The objective of the Industrial Disputes Act is to secure industrial peace and harmony by providing machinery and procedure for the investigation and settlement of industrial disputes by negotiations.Various studies indicate that Indian labour laws are highly protective of labour, and labour markets are relatively inflexible. These laws apply only to the organized sector. Consequently, these laws have restricted labour mobility, have led to capital-intensive methods in the organised sector and adversely affected the sector’s long-run demand for labour. Labour being a subject in the concurrent list, State-level labour regulations are also an important determinant of industrial performance. Evidence suggests that States, which have enacted more pro-worker regulations, have lost out on industrial production in general.

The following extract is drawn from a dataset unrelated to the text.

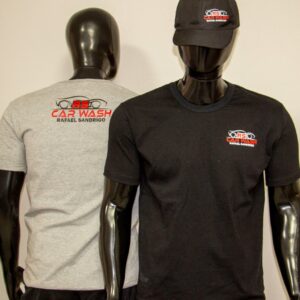 Remeras V de algodon y gorras con estampa en DTF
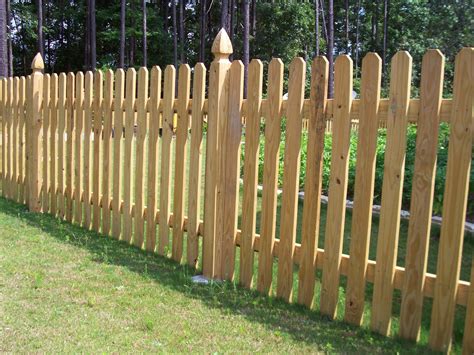 Custom wood picket fence by Mossy Oak Fence. | Wood Fence Designs ...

The Industrial Disputes Act (IDA) of 1947. Particular attention has been paid to its Chapter V-B, introduced by an amendment in 1976, which required firms employing 300 or more workers to obtain government permission for layoffs, retrenchments and closures. A further amendment in 1982 (which took effect in 1984) expanded its ambit by reducing the threshold to 100 workers. It is argued that since permission is difficult to obtain, employers are reluctant to hire workers whom they cannot easily get rid of. Job security laws thus protect a tiny minority of workers in the organized sector and prevent the expansion of industrial employment that could benefit the mass of workers
outside. It is also argued that the restriction on retrenchment has adversely affected workplace discipline, while the threshold set at 100 has discouraged factories from expanding to economic scales of production, thereby harming productivity. Several other sections of the IDA allegedly have similar effects, because they increase workers’ bargaining strength and thereby raise labour costs either directly through wages or indirectly by inhibiting work reorganization in response to changes in demand and technology. The Act also lays down
1.   The provision for payment of compensation to the workman on account of closure or lay off or retrenchment.

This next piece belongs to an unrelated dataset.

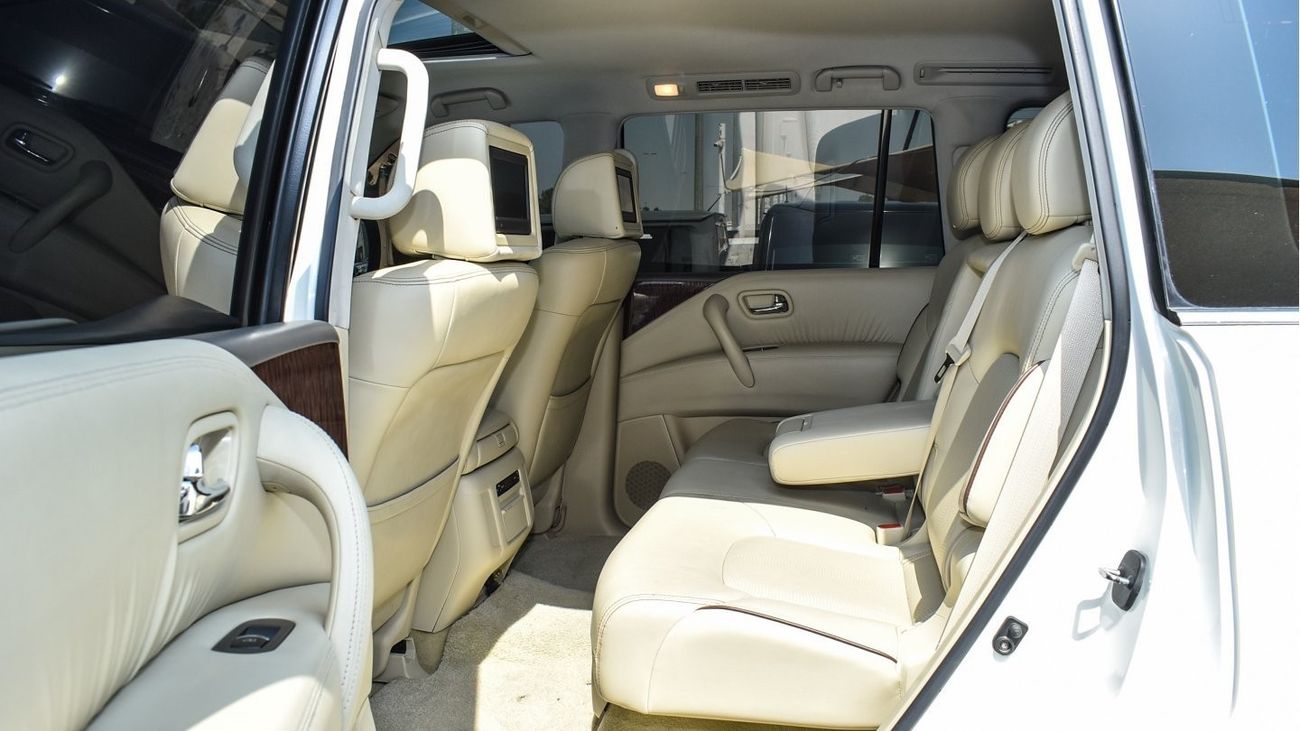 Nissan Patrol SE With Platinum kit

2.   The procedure for prior permission of appropriate Government for laying off or retrenching the workers or closing down industrial establishments
3.   Unfair labour practices on part of an employer or a trade union or workers.

Applicability

The Industrial Disputes Act extends to whole of India and applies to every industrial establishment carrying on any business, trade, manufacture or distribution of goods and services irrespective of the number of workmen employed therein. Every person employed in an establishment for hire or reward including contract labour, apprentices and part time employees to do any manual, clerical, skilled, unskilled, technical, operational or supervisory work, is covered by the Act. This Act though does not apply to persons mainly in managerial or administrative capacity, persons engaged in a supervisory capacity and drawing executing managerial functions and persons subject to Army Act, Air Force and Navy Act or those in police service or officer or employee of a prison.